On Sun, Nov 1, 2009 at 11:09 AM, b1g3ar5
OK, I understand that now but I've got a supplimentary question.
If I put:
instance Eq b => Eq (a -> b) where (==) = liftA2 (Prelude.==)
You don't need the "Prelude." here.
to do the Eq part I get another error:
Couldn't match expected type `Bool' against inferred type `a -> Bool' In the expression: liftA2 (==) In the definition of `==': == = liftA2 (==) In the instance declaration for `Eq (a -> b)'
Now can someone please explain this?
The type of liftA2 (==) is forall f b. Applicative f => f b -> f b ->
f Bool. In your case, f is (->) a, so liftA2 (==) :: (a -> b) -> (a ->
b) -> (a -> Bool), which can't be unified with the type for (==).

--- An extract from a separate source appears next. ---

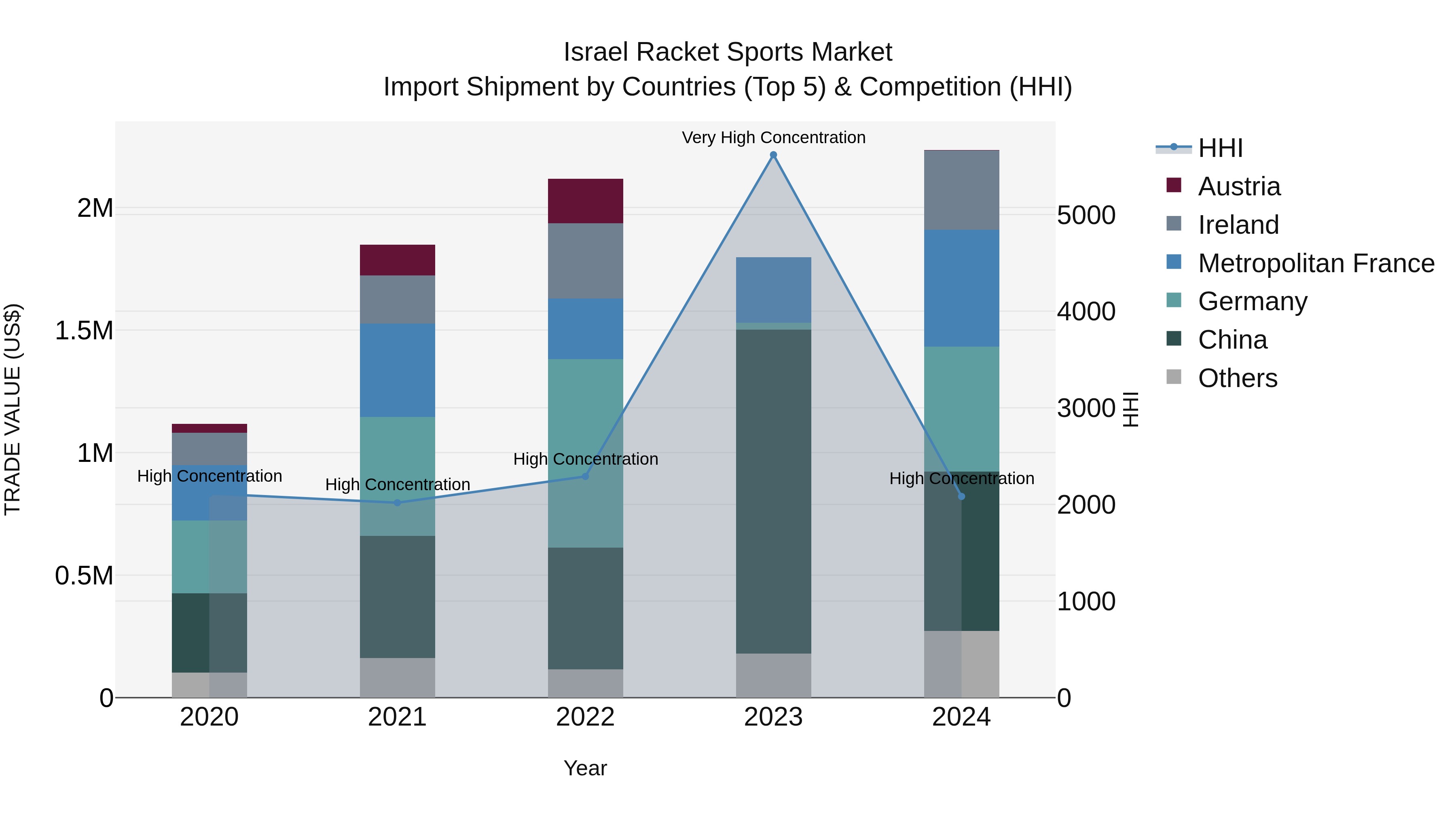 Israel Racket Sports Market Top 5 Importing Countries and Market Competition (HHI) Analysis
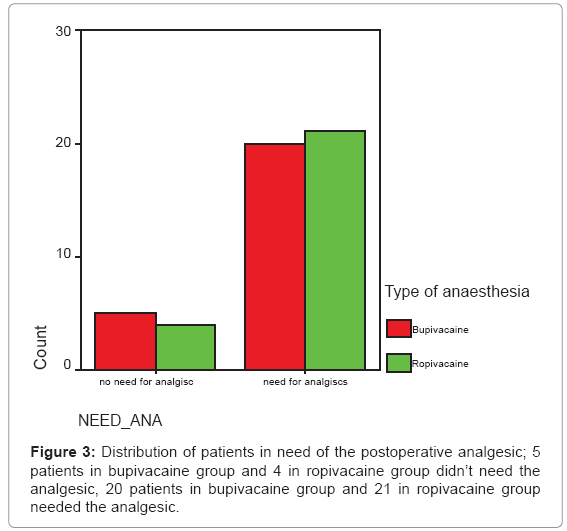 biotechnology-biomaterials-postoperative-analgesic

Personally, I recommend against trying to make (a -> b) an instance of
Num. If you really want to do arithmetic on functions, it's easier to
just do something along these lines:
(.+.),(.-.),(.*.) :: (Applicative f, Num a) => f a -> f a -> f a
(.+.) = liftA2 (+)
(.-.) = liftA2 (-)
(.*.) = liftA2 (*)
--
Dave Menendez